### TASK DIRECTIONS
Please return, with no alterations, the lines below from the very first through the one that contains "The Hat Girl - Shining Stars".

### RECORDS
◆ ◆ ◆
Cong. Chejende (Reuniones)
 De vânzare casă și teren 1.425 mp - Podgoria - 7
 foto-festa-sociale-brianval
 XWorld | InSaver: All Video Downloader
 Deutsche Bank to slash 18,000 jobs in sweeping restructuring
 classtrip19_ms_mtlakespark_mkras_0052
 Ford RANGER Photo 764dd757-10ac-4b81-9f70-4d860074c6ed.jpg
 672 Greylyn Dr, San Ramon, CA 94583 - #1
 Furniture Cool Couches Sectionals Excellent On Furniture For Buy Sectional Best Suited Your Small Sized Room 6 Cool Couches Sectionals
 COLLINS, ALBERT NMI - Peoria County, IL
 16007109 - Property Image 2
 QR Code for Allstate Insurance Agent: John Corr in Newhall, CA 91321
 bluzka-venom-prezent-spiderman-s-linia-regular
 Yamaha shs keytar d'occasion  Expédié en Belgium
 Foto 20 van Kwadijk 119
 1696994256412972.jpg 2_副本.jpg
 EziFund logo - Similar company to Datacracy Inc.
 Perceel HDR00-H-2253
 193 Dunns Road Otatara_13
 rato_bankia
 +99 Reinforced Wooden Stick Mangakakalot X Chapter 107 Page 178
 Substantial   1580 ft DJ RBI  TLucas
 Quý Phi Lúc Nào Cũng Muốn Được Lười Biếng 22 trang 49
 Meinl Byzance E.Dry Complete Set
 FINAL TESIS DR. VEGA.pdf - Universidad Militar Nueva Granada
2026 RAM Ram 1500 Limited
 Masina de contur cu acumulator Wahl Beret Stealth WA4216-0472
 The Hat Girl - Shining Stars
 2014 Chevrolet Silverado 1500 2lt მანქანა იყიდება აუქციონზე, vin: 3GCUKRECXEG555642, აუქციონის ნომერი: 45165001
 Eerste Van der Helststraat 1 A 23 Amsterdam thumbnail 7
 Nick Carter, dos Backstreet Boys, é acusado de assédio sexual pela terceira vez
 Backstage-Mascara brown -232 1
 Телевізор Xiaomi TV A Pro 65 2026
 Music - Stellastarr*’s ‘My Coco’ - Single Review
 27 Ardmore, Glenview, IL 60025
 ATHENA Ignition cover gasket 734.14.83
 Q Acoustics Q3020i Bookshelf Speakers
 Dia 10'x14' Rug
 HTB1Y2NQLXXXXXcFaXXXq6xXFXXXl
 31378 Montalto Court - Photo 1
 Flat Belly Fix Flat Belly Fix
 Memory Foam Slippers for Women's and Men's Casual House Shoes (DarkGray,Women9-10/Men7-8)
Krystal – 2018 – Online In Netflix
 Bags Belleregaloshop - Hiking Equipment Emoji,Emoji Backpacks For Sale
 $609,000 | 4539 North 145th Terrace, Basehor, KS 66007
◆ ◆ ◆
### TASK ANSWER
Cong. Chejende (Reuniones)
 De vânzare casă și teren 1.425 mp - Podgoria - 7
 foto-festa-sociale-brianval
 XWorld | InSaver: All Video Downloader
 Deutsche Bank to slash 18,000 jobs in sweeping restructuring
 classtrip19_ms_mtlakespark_mkras_0052
 Ford RANGER Photo 764dd757-10ac-4b81-9f70-4d860074c6ed.jpg
 672 Greylyn Dr, San Ramon, CA 94583 - #1
 Furniture Cool Couches Sectionals Excellent On Furniture For Buy Sectional Best Suited Your Small Sized Room 6 Cool Couches Sectionals
 COLLINS, ALBERT NMI - Peoria County, IL
 16007109 - Property Image 2
 QR Code for Allstate Insurance Agent: John Corr in Newhall, CA 91321
 bluzka-venom-prezent-spiderman-s-linia-regular
 Yamaha shs keytar d'occasion  Expédié en Belgium
 Foto 20 van Kwadijk 119
 1696994256412972.jpg 2_副本.jpg
 EziFund logo - Similar company to Datacracy Inc.
 Perceel HDR00-H-2253
 193 Dunns Road Otatara_13
 rato_bankia
 +99 Reinforced Wooden Stick Mangakakalot X Chapter 107 Page 178
 Substantial   1580 ft DJ RBI  TLucas
 Quý Phi Lúc Nào Cũng Muốn Được Lười Biếng 22 trang 49
 Meinl Byzance E.Dry Complete Set
 FINAL TESIS DR. VEGA.pdf - Universidad Militar Nueva Granada
2026 RAM Ram 1500 Limited
 Masina de contur cu acumulator Wahl Beret Stealth WA4216-0472
 The Hat Girl - Shining Stars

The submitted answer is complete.